On March 10th, the Nebraska Literary Lab will host digital humanities scholar Marissa Gemma. Her lecture, "Straight Talk in the American Novel: A Quantitative Study," will take place March 10th at 5:00 pm in Andrews Hall's Bailey Library (Room 229).

This talk will bring the scale of evidence offered by computational literary studies to bear on the long-standing hypothesis that colloquial style -- the narrative stylization of common speech -- is on the rise in late-nineteenth and early twentieth-century American literature. By analyzing various features of spoken English in a corpus of about 1000 novels, Gemma will offer a revised history of straight-talking, colloquial narrative styles in American literature. She argues that colloquial styles, far from being an invention of a handful of elite literary authors in the Gilded Age and thereafter, instead play an important role in low-prestige genres earlier in the century, and are significantly linked, throughout the century, to specific narrative technologies of perspective.  

Photo of Marissa Gemma
Marissa Gemma (Courtesy Photo)
Marissa Gemma is a senior research fellow at the Max Planck Institute for Empirical Aesthetics in Frankfurt, Germany, where she does research on style, digital literary analysis, and nineteenth-century American literature.

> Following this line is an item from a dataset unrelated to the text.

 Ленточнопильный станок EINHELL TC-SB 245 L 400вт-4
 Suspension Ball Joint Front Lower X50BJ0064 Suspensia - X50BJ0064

She is currently working on a book manuscript, The Making of Middle American Style, about nineteenth-century American fictional styles inspired by the common speech. She received her Ph.D. from Stanford University, where she was a core member of the Literary Lab, and did post-doctoral research at the Sorbonne's Observatoire de la vie littéraire. Her article, "Operationalizing the Colloquial Style," recently appeared in Digital Scholarship in the Humanities, and her latest collaborative project with the Stanford Literary Lab, "Canon/Archive. Large-Scale Dynamics in the Literary Field," was published in January 2016.